Intéressée par la verticalité sous toutes ses formes, Barbara Polla a entrepris un retour sur l’œuvre Dimitris Dimitriadis selon son apologie du phallus source de vie et initiateur de formes artistiques, littéraires mais aussi politiques, écologiques, architecturales. L’objectif est aussi (sinon surtout), précise Barbara Polla, « de faire bander un pays ». A savoir, la Grèce et ce qui s’y engage depuis sa crise et désormais son rôle dans l’exil des déplacés. Mais il y a bien plus : par exemple, d’un point de vue écologique (Pietro Garau), le « construire haut » n’est pas une prédation écologique mais le seul espoir de durabilité pour les futures générations. Bref, Manhattan déjà chanté par Rem Kholass deviendrait un modèle en termes de surface au sol par habitant avec ce que cela suppose d’économies.
Quant à l’érection sexuelle elle-même, elle n’est ni acte créateur, ni acte procréateur, ni symbole. L’érection est réelle en ce qu’elle est matérielle plus même que substantielle.
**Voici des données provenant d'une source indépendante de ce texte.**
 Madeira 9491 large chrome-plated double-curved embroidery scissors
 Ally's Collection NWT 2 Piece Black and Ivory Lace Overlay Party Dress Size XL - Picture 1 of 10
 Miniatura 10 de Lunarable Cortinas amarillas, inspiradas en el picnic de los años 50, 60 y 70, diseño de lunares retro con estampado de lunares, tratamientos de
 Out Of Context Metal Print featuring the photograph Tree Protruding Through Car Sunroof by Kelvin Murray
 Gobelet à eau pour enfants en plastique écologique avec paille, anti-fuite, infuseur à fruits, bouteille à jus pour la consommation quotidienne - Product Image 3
Elle s’associe à un acte de vie la manifestation du vivant, insaisissable. Dès lors, elle devient le sens même de l’art. Et si certains théoriciens envisagent celui-ci comme « creux-ation », Barbara Polla et sa dream-team la conçoivent de manière opposée en tant qu’instauratrice de ce qui érige, de ce qui s’érige.
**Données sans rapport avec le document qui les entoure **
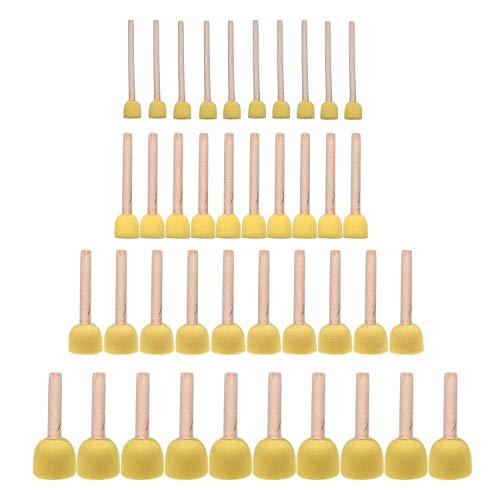 JMAF 40-Pieces Assorted Size Round Sponges Brush Set, Paint Tools for Kids - Thumbnail 7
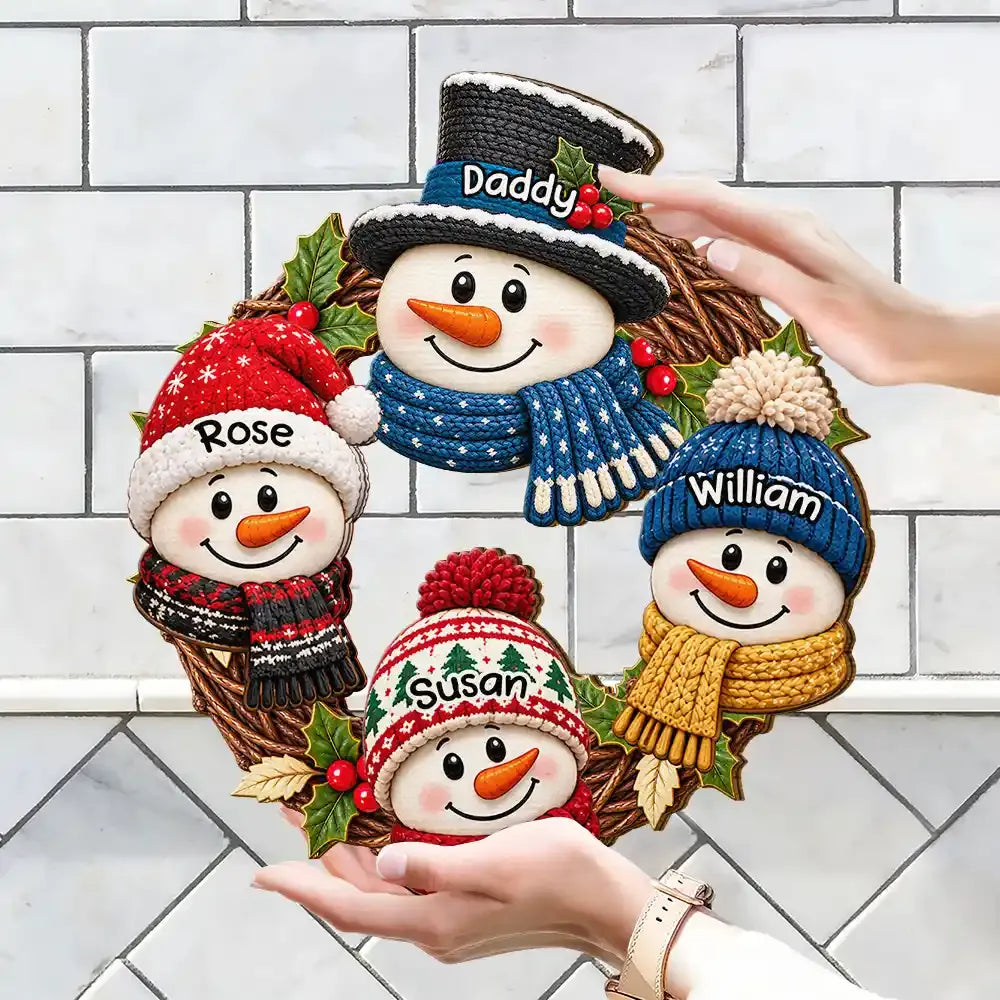 Custom Grandparent Christmas Sign — Snowman Wreath Wood Decor with Personalized Touch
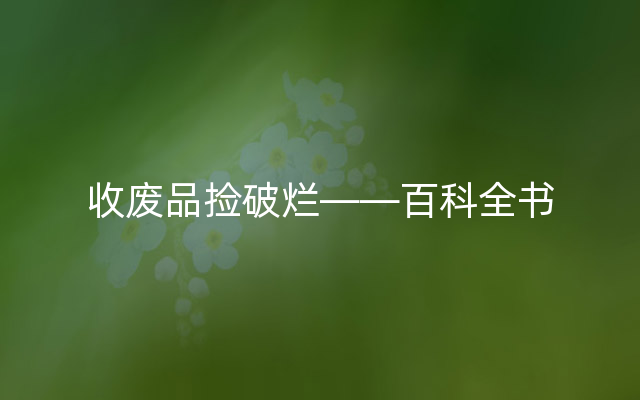 收废品捡破烂——百科全书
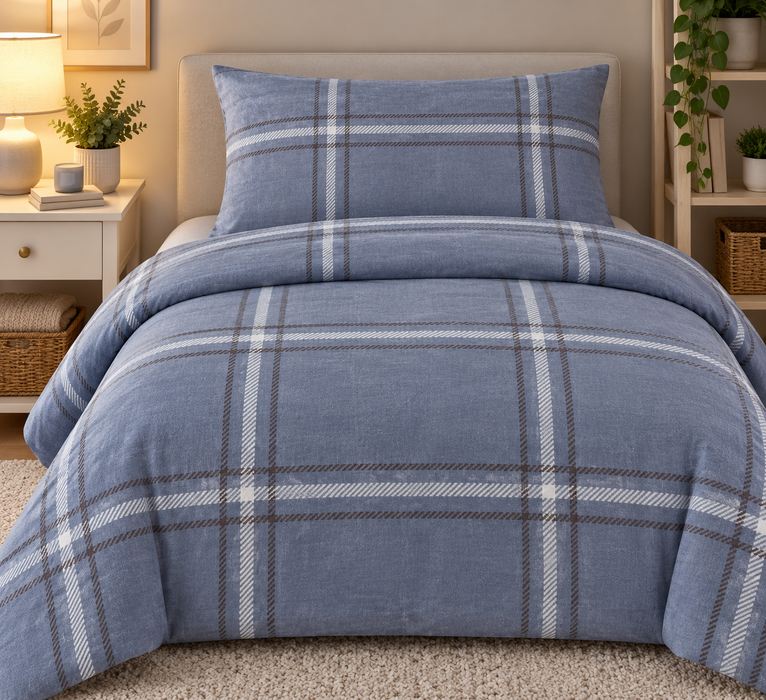 Completo Letto Flanella Piazza e Mezza Mayson Blu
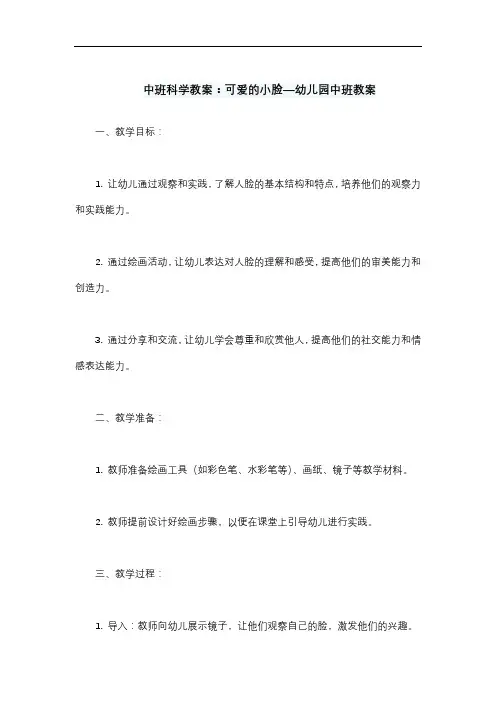 中班科学教案：可爱的小脸—幼儿园中班教案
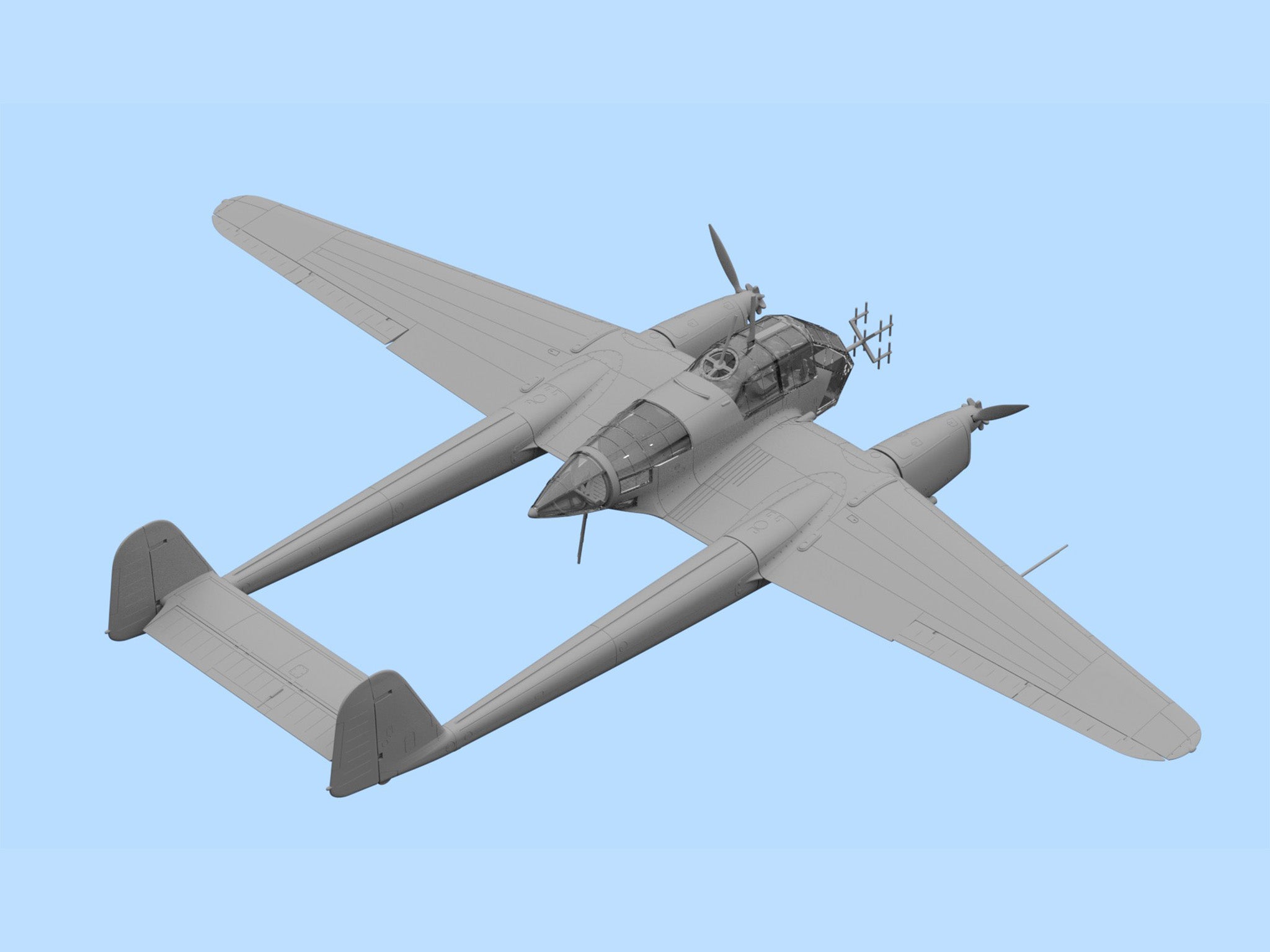 ICM 72293 Plastic model kit airplanes 1:72 WWII German night fighter FW 189A-1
A n’en pas douter, la Suissesse risque de se voir vilipender par certaines chiennes de garde surtout si elles lisent mal son livre. Néanmoins, Barbara Polla, pour parachever ce livre, entonne le chant érectile vers un absolu de dilatation non sans humour dans ce qui tient d’une fable. Les hommes « bandaient dans la ville et les femmes heureuses et les jeunes gens les regardaient et les aimaient bandant elles aussi eux aussi et ensemençant jusqu’aux rues de la ville et les fruits jonchaient les rues ». En compagnie de Paul Ardenne, Dimitris Dimitriadis, Maria Efstathiadi, Elisa Nicolopoulou, Elli Paxinou et les autres, Barbara Polla prouve la nécessité de ce qui est non seulement l’objet de procréation mais qui devient un sujet politique et sensuel de révolte d’anarchie, de rituel d’incarnation. Un objet qui mélange le chaos et l’ordre, la perte de maîtrise mais aussi l’envers de l’aliénation et ce qui représente une élévation terrestre et spirituelle.
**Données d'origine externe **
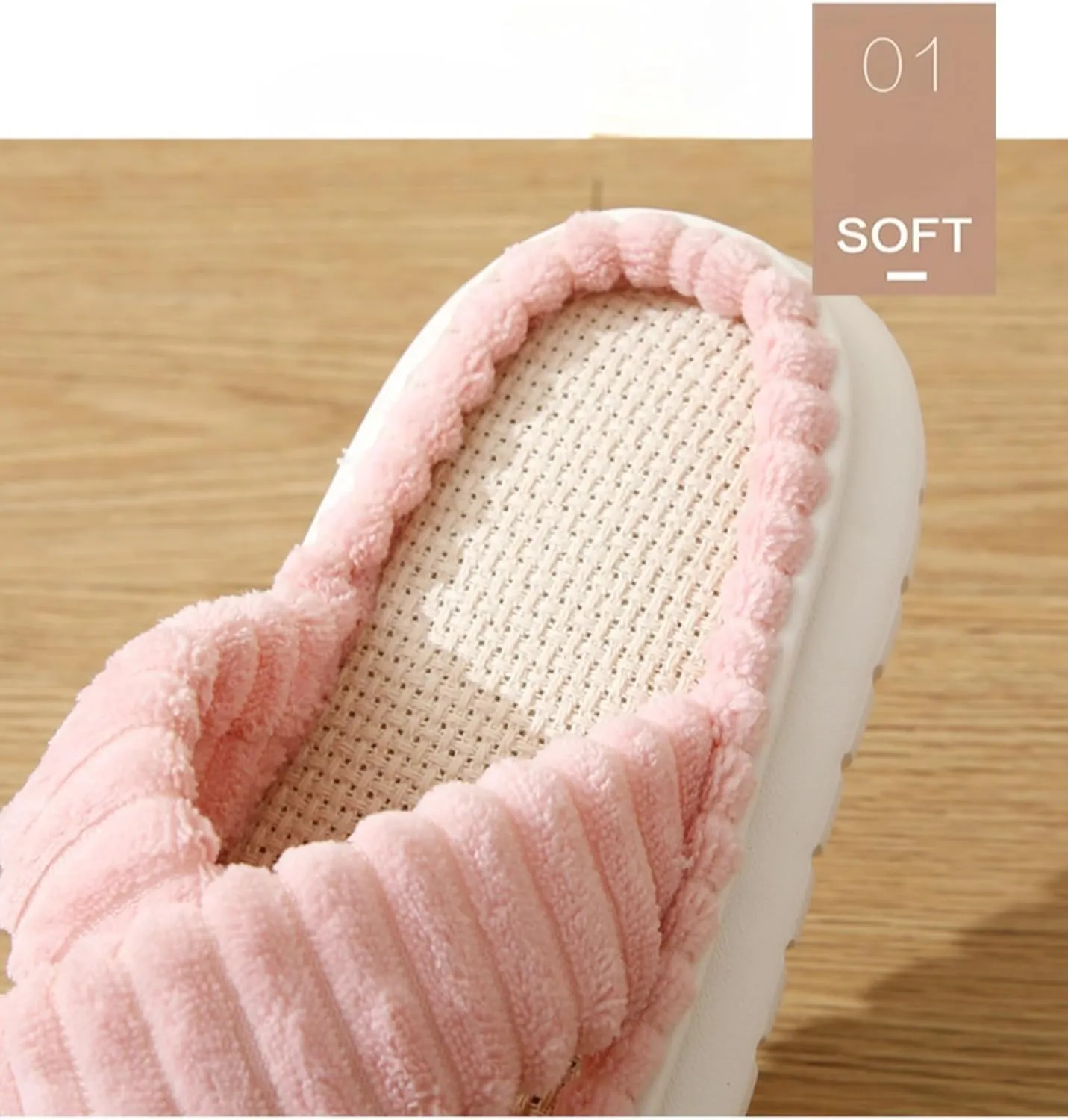 Corduroy Linen Slippers for Men & Women, Home Indoor Household Non-Slip Cotton Linen Slippers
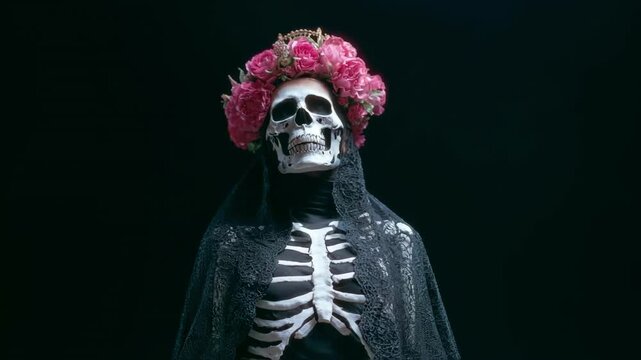 A person in a skeleton costume with a rose crown and black veil, portraying Catrina or Santa Muerte for the mexican Day of the Dead (D&iacute;a de los Muertos) or a Halloween celebration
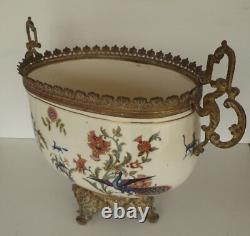 Planter Faience Vase Bronze Mount Choisy Le Roi Flowers Bowl Model with Cat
Il n’est pas jusqu’à l’écriture féminine d’appeler à cette figure qui « renforce le désir, prolonge l’attente et augmente l’impatience pour le moment où ce qu’on appelle écriture va enfin devenir le blanc achèvement du Siècle ne laissant plus rien à celui qui s’est chargé de l’œuvre. » (Maria Efstathiadi). Preuve que l’érection n’est pas affaire d’hommes. Ceux (et celles) qui connaissant le fonctionnement du clitoris le savent bien. Comme ceux qui, comme Dimitriadis, ont compris que tout fonctionne par « la bite de ton cerveau, tout ton cerveau” qu’il soit féminin ou masculin. Manière pour le poète de rappeler que l’homme ne pense pas forcément avec sa queue sinon à se réduire à une animalité instinctive sur le plan sexuel comme sur le plan politique (et les exemples sont, hélas !, nombreux).
jean-paul gavard-perret
Barbara Polla, Éloge de l’érection suivi de Lycaon, apologie du désir de Dimitris Dimitriadis (traduction Michel Volkovitch), Editions Le Bord de l’Eau – Collection La Muette, 2016, Bruxelles.